Dazu habe ich folgenden Code:
string url = "opcda://ZSENC111/Kepware.KEPServerEX.V5/{B3AF0BF6-4C0C-4804-A122-6F3B160F4397}";

            int clientHandle = 1;
            ConnectInfo connectInfo = new ConnectInfo();
            connectInfo.LocalId = "en";
            connectInfo.KeepAliveTime = 5000;
            connectInfo.RetryAfterConnectionError = true;
            connectInfo.RetryInitialConnection = true;
            bool connectFailed;

            DaServerMgt daServerMgt = new Kepware.ClientAce.OpcDaClient.DaServerMgt();
            try
            {
                daServerMgt.Connect(url, clientHandle, ref connectInfo, out connectFailed);

                if (connectFailed)
                {
                    MessageBox.Show("Connect Failed");
                }
usw.

Nur leider klappt es nicht.
Wenn ich es aber auf den lokal installierten Kepware OPC Server versuche, dann funktioniert es.
Habe zwar schon gesucht, aber leider habe ich nichts gefunden.
Kann das mit den DCOM was zu tun haben bzw. wo könnte ich hierfür eine Lösung finden.

lg
stony


----------



## Dr.
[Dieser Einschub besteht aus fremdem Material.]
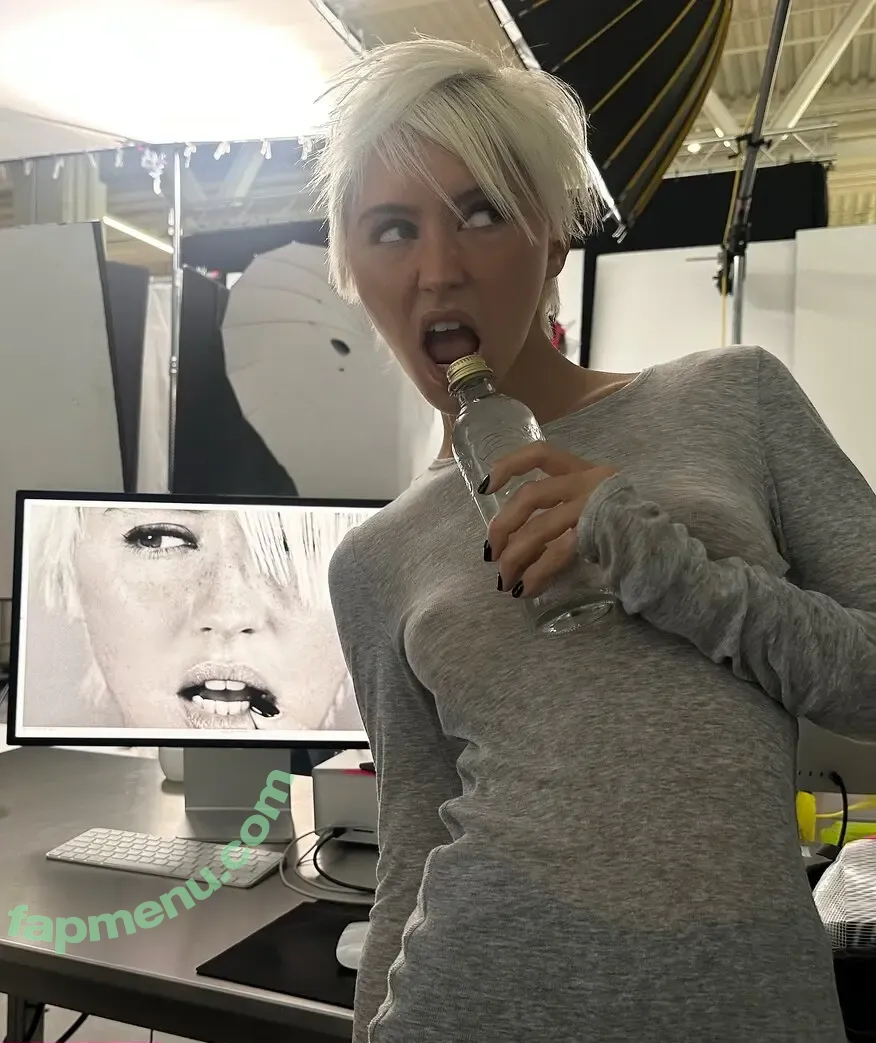 Iris Law nude photo #0426 (icelandicgirl69 / lirisaw)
OPC (26 April 2011)

Wenn es lokal funktioniert aber nicht remote dann hat es mit Sicherheit was mit DCOM zu tun.

Um DCOM auf die Schnelle richtig zu konfigurieren muss man einige Dinge (in der richtigen Reihenfolge) beachten.

Wenn du bei Google "*DCOM Checkliste*" eingibst, findest du eine Anleitung. Wenn du entsprechend dieser Anleitung vorgehst, sollte es klappen.


----------